Exercise directions - Without including any pictures, copy each entry below exactly.

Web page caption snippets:

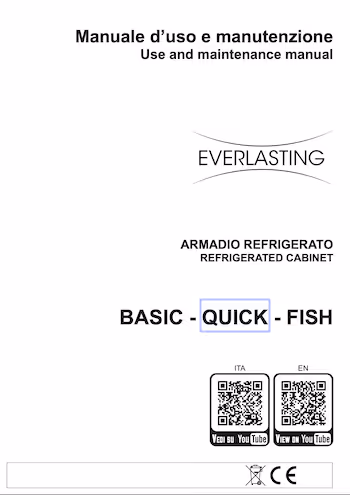 Everlasting Refrigerated cabinets QUICK - REV.00 - 2024 01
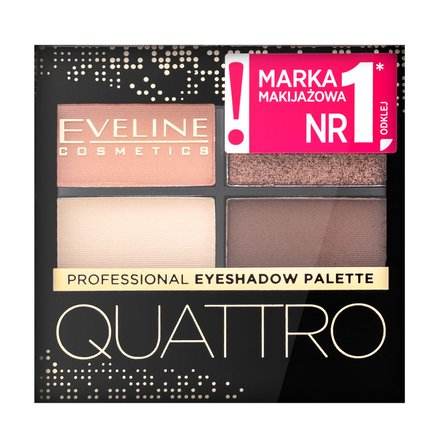 Eveline Quattro Professional Eyeshadow Palette palette di ombretti 6 3,2 g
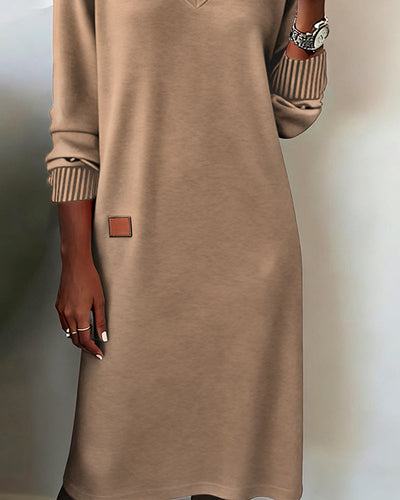 Velirayae | Stylish V-Neck Sweater Dress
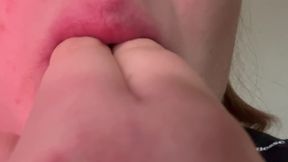 Hot German with Big Lips Blows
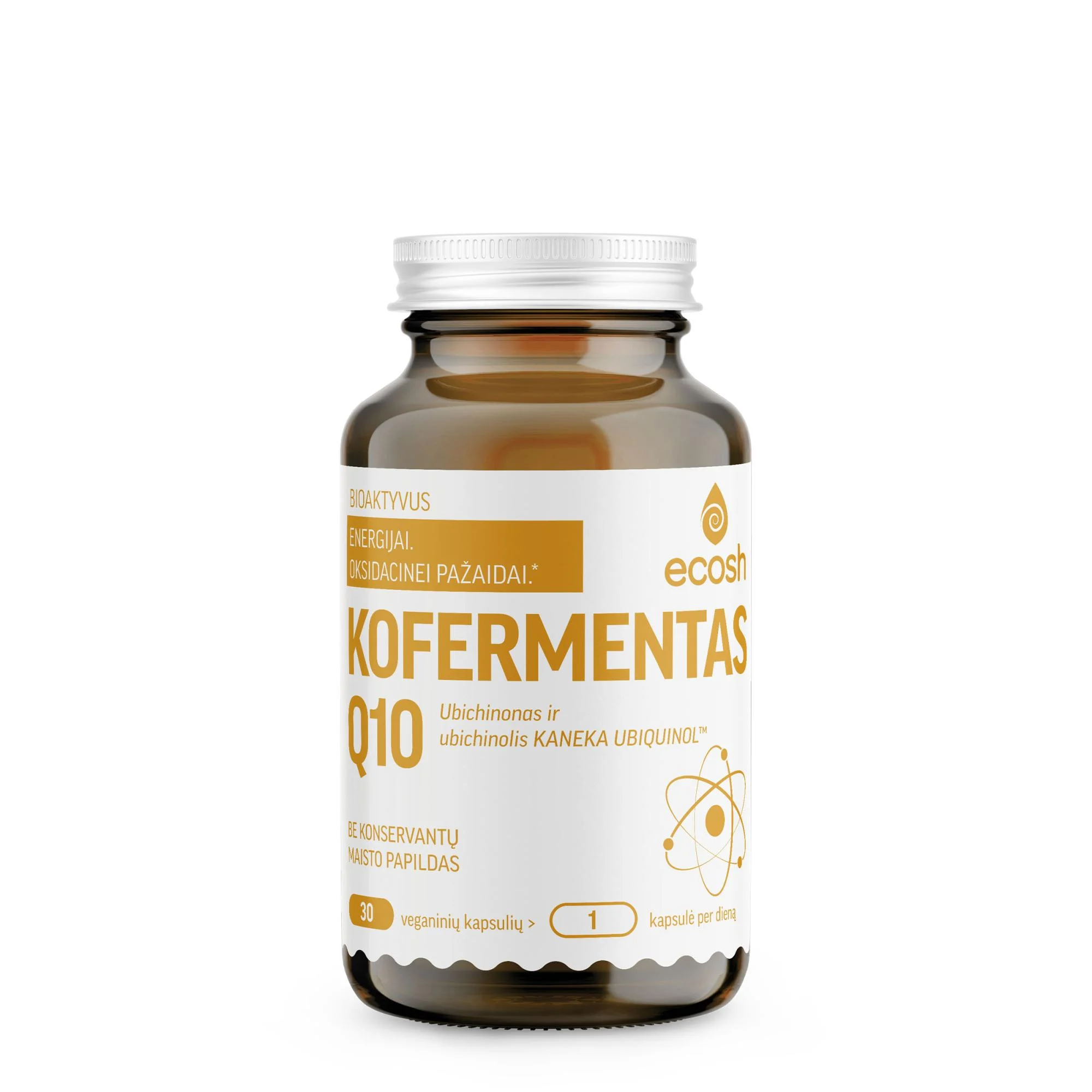 ECOSH Kofermentas Q10, ubichinonas ir ubichinolis, N30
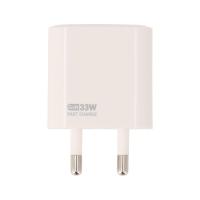 อะแดปเตอร์ FOX Wall USB Charger 1 USB-A (PD18W) / 1 USB-C (PD33W) + USB-C to USB-C Cable 1M. White (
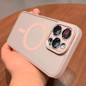 Translucent Luxury Case for iPhone 17 16 15 Pro Max 16 15 14 Plus 17 Air with Magnetic Wireless Charging and Matte Lens Protector — image 7 of 18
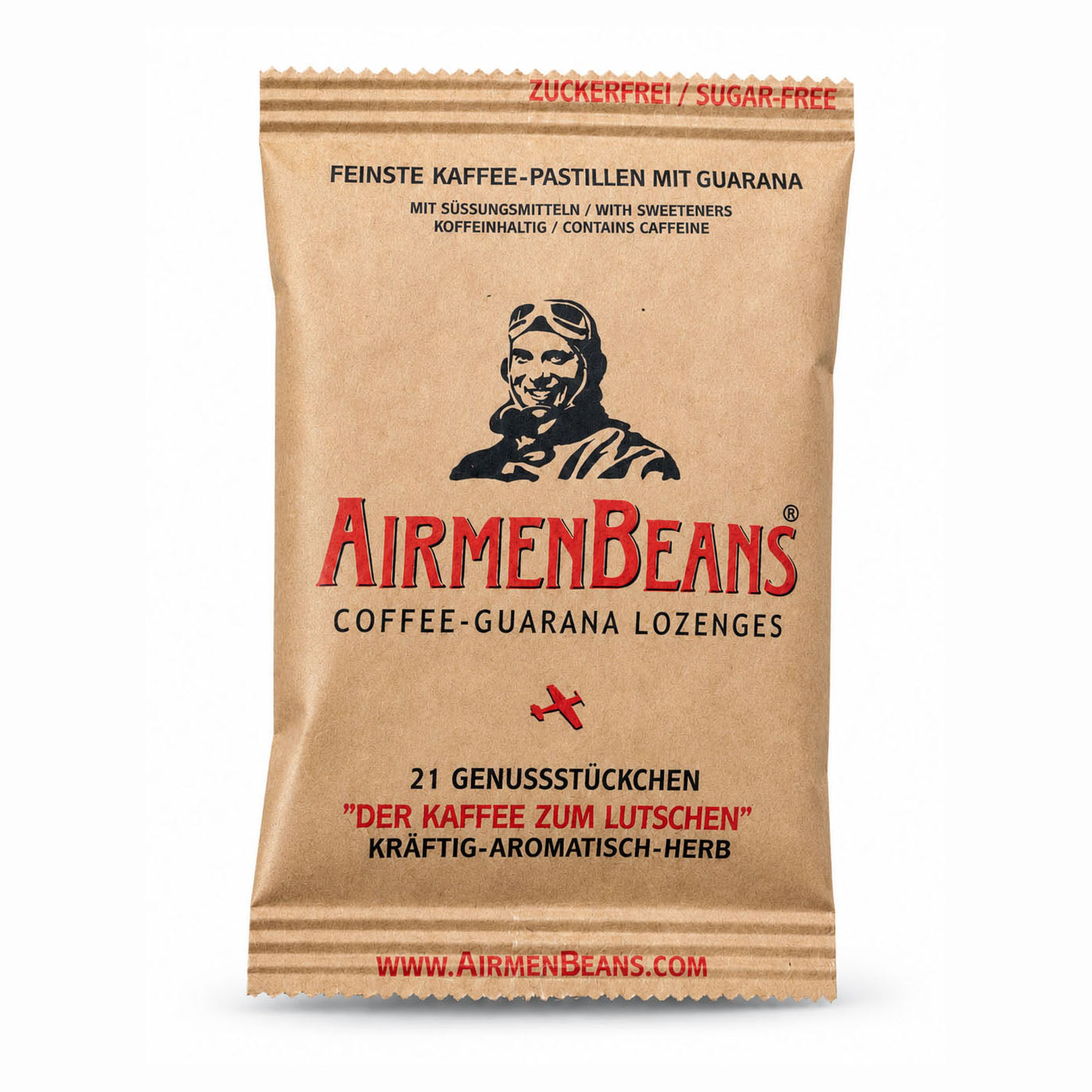 AirmenBeans feinste Kaffee Pastillen mit Guarana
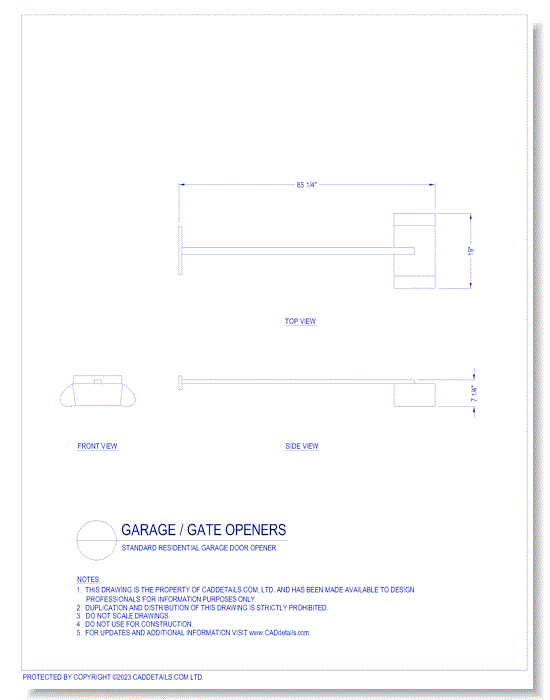 Standard Residential Garage Door Opener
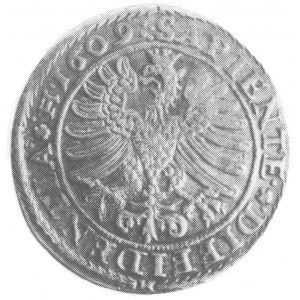 talar 1609, Cieszyn, Aw: Półpostać i napis, Rw: Orzeł c...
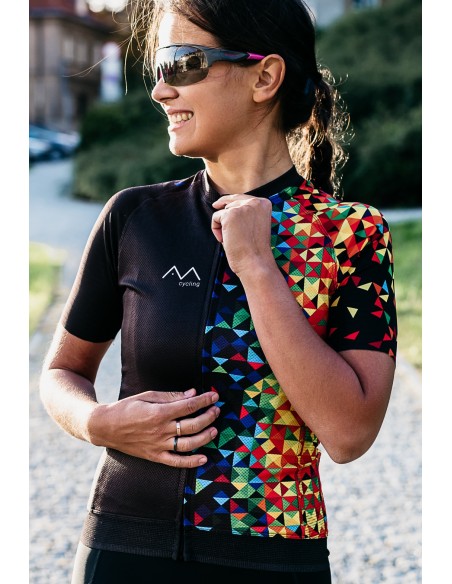  AM Cycling dames Fietsshirt "Kaleidoscope" -  Fietsshirts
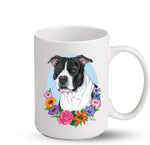 Pit Bull Black/White - Best of Breed Ceramic 15oz Coffee Mug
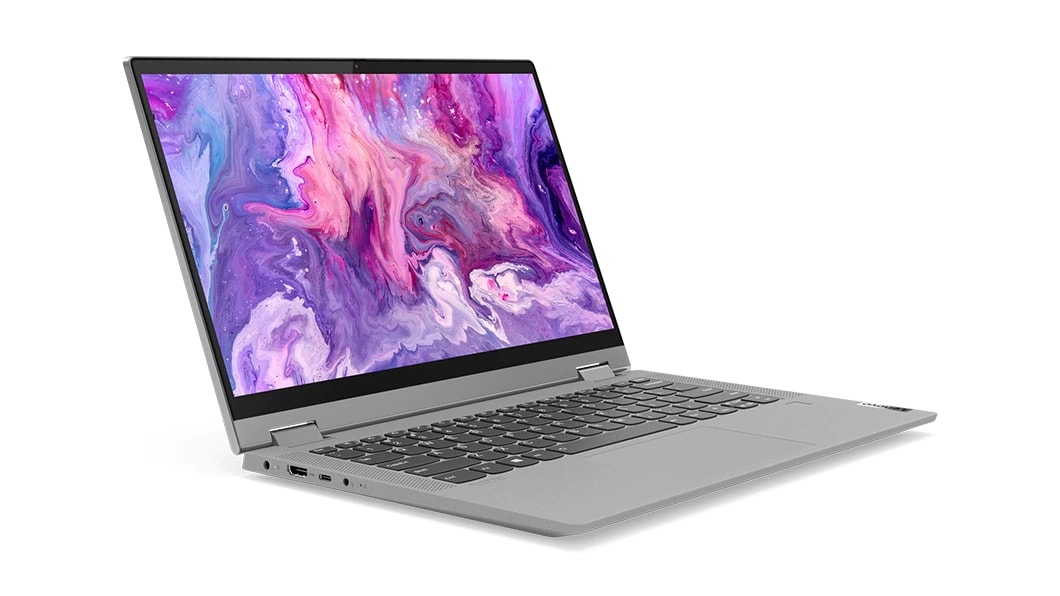 Left angle view of the 15-inch IdeaPad Flex 5 laptop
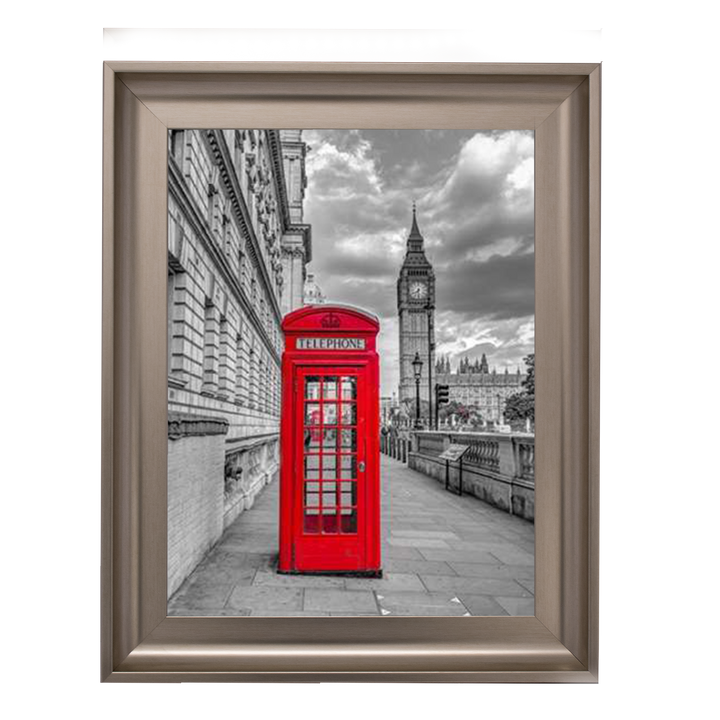 Telephone booth with Big Ben, London, Assaf Frank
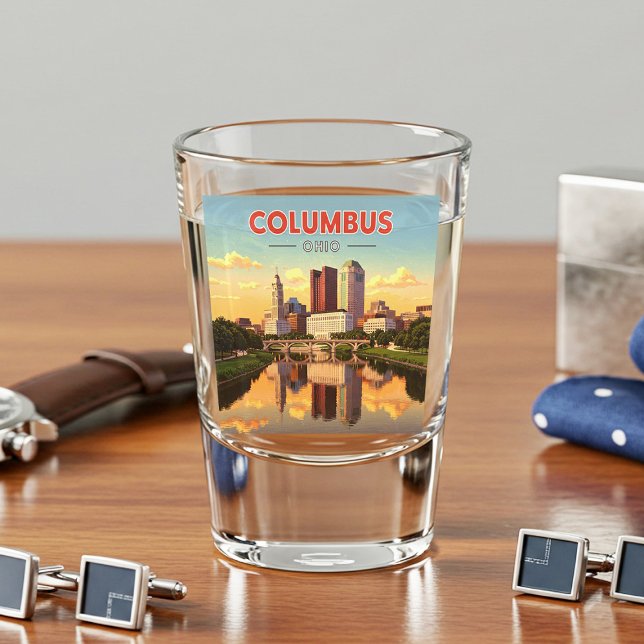 Copo De Shot Vintage Columbus Ohio (Criador carregado)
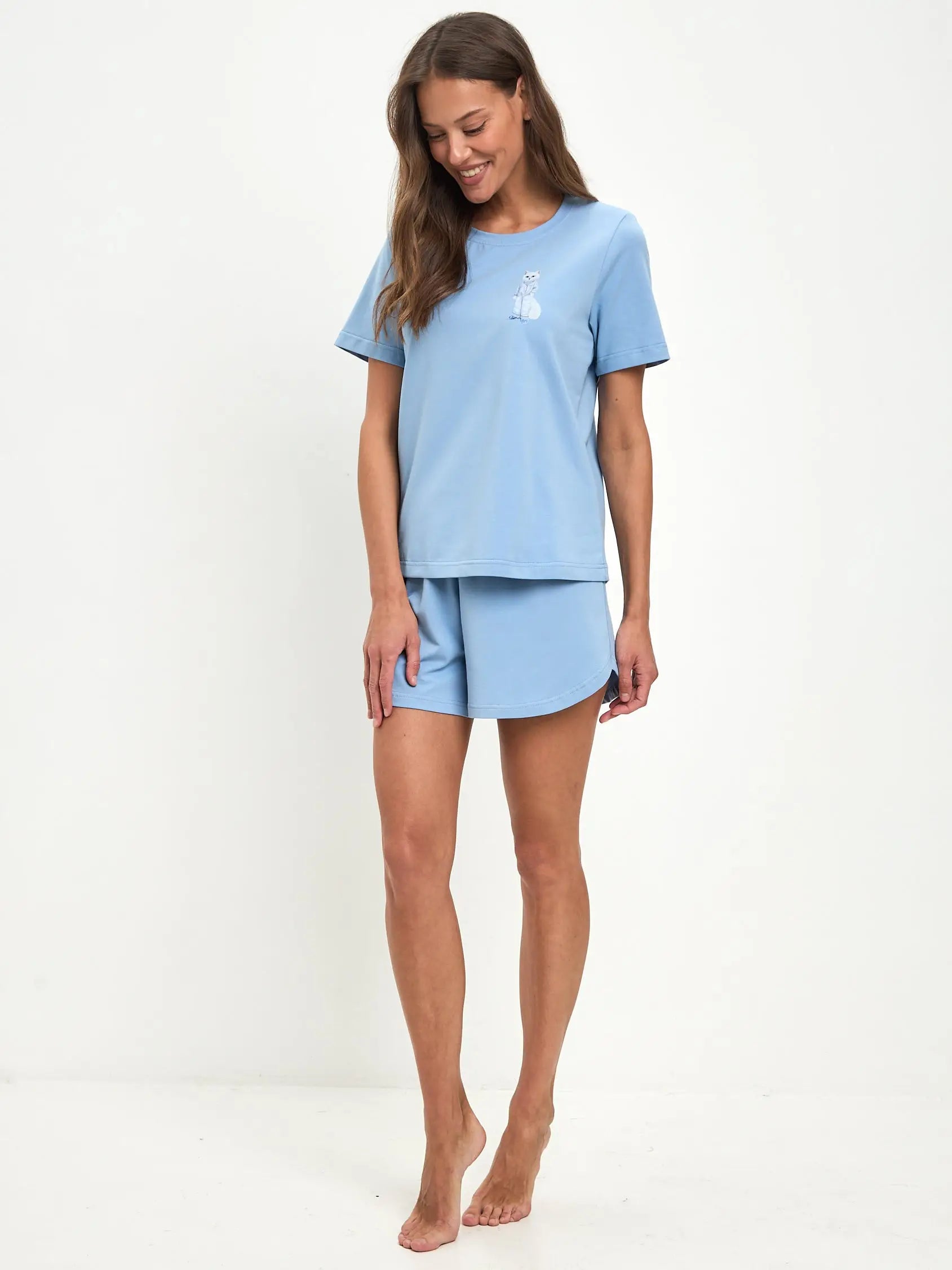 Blue Pajamas | Loungewear For Cat Lovers | Cat e Lolette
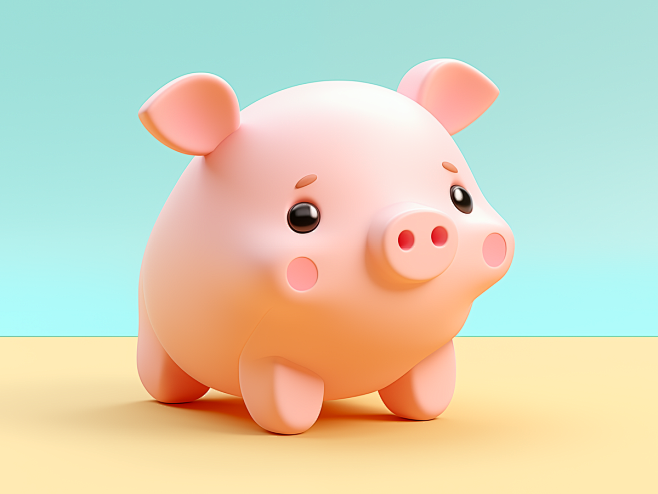 Character Pig 3d, 3D...
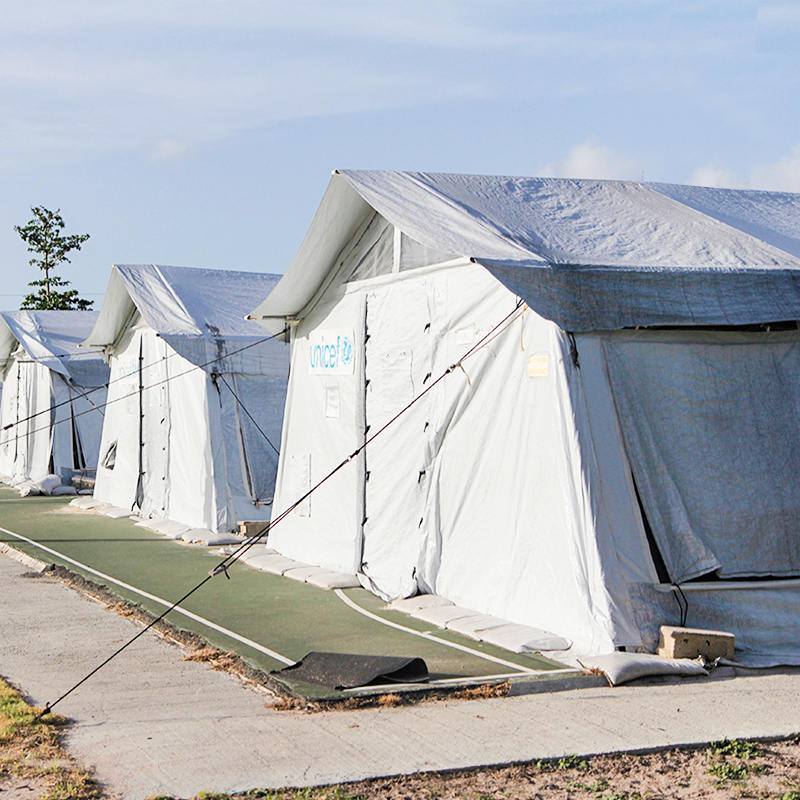 Lều trung tâm đa năng tiêu chuẩn 72m2 của UNICEF dùng làm nhà kho, bệnh viện, trạm xá, trường học, văn phòng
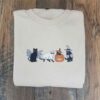 Halloween-Ghost-Ice-Coffee-Embroidery-Sweatshirt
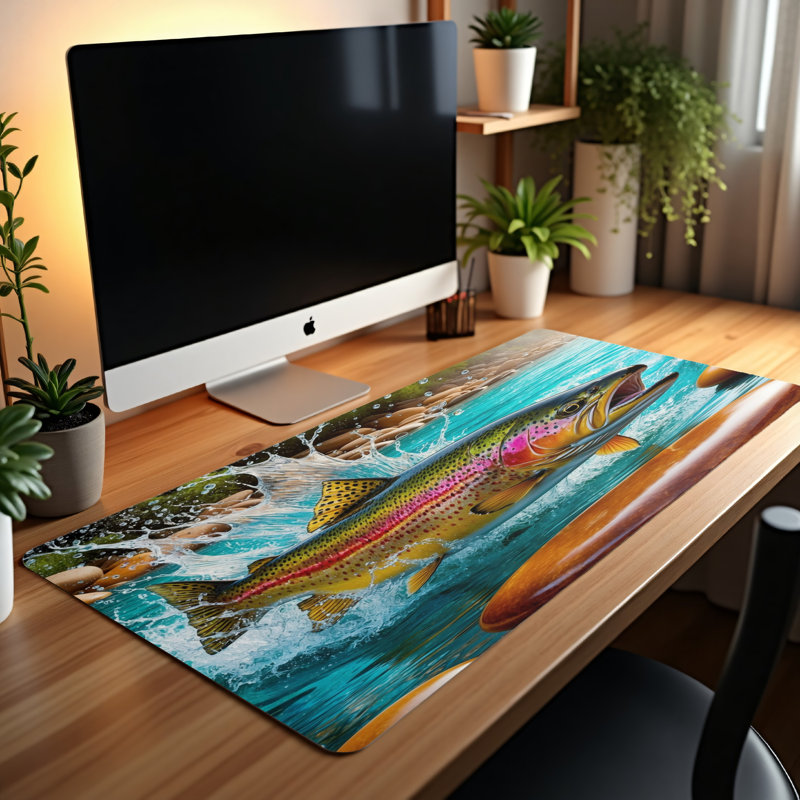 Polyester Desk Pad, 14.4x12.1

Solution for this task -
 Everlasting Refrigerated cabinets QUICK - REV.00 - 2024 01
 Eveline Quattro Professional Eyeshadow Palette palette di ombretti 6 3,2 g
 Velirayae | Stylish V-Neck Sweater Dress
 Hot German with Big Lips Blows
 ECOSH Kofermentas Q10, ubichinonas ir ubichinolis, N30
 อะแดปเตอร์ FOX Wall USB Charger 1 USB-A (PD18W) / 1 USB-C (PD33W) + USB-C to USB-C Cable 1M. White (
 Translucent Luxury Case for iPhone 17 16 15 Pro Max 16 15 14 Plus 17 Air with Magnetic Wireless Charging and Matte Lens Protector — image 7 of 18
 AirmenBeans feinste Kaffee Pastillen mit Guarana
 Standard Residential Garage Door Opener
 talar 1609, Cieszyn, Aw: Półpostać i napis, Rw: Orzeł c...
  AM Cycling dames Fietsshirt "Kaleidoscope" -  Fietsshirts
 Pit Bull Black/White - Best of Breed Ceramic 15oz Coffee Mug
 Left angle view of the 15-inch IdeaPad Flex 5 laptop
 Telephone booth with Big Ben, London, Assaf Frank
 Copo De Shot Vintage Columbus Ohio (Criador carregado)
 Blue Pajamas | Loungewear For Cat Lovers | Cat e Lolette
 Character Pig 3d, 3D...
 Lều trung tâm đa năng tiêu chuẩn 72m2 của UNICEF dùng làm nhà kho, bệnh viện, trạm xá, trường học, văn phòng
 Halloween-Ghost-Ice-Coffee-Embroidery-Sweatshirt
 Polyester Desk Pad, 14.4x12.1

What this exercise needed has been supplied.